Source records –
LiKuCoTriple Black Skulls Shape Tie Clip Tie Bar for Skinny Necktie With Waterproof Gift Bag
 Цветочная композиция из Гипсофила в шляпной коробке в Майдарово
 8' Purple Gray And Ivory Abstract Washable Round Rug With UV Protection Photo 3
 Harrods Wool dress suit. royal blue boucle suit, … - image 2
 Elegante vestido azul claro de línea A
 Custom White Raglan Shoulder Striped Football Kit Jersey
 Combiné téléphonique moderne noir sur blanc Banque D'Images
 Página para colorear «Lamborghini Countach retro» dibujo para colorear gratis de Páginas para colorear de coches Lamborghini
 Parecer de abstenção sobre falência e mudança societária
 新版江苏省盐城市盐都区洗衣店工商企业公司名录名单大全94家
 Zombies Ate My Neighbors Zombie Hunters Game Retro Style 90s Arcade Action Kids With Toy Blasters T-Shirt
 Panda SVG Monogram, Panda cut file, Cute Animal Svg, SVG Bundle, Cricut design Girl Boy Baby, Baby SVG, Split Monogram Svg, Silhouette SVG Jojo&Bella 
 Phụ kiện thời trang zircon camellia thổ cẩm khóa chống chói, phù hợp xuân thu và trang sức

Task goal –
Line by line, reproduce the records above exactly.

Exercise output –
LiKuCoTriple Black Skulls Shape Tie Clip Tie Bar for Skinny Necktie With Waterproof Gift Bag
 Цветочная композиция из Гипсофила в шляпной коробке в Майдарово
 8' Purple Gray And Ivory Abstract Washable Round Rug With UV Protection Photo 3
 Harrods Wool dress suit. royal blue boucle suit, … - image 2
 Elegante vestido azul claro de línea A
 Custom White Raglan Shoulder Striped Football Kit Jersey
 Combiné téléphonique moderne noir sur blanc Banque D'Images
 Página para colorear «Lamborghini Countach retro» dibujo para colorear gratis de Páginas para colorear de coches Lamborghini
 Parecer de abstenção sobre falência e mudança societária
 新版江苏省盐城市盐都区洗衣店工商企业公司名录名单大全94家
 Zombies Ate My Neighbors Zombie Hunters Game Retro Style 90s Arcade Action Kids With Toy Blasters T-Shirt
 Panda SVG Monogram, Panda cut file, Cute Animal Svg, SVG Bundle, Cricut design Girl Boy Baby, Baby SVG, Split Monogram Svg, Silhouette SVG Jojo&Bella 
 Phụ kiện thời trang zircon camellia thổ cẩm khóa chống chói, phù hợp xuân thu và trang sức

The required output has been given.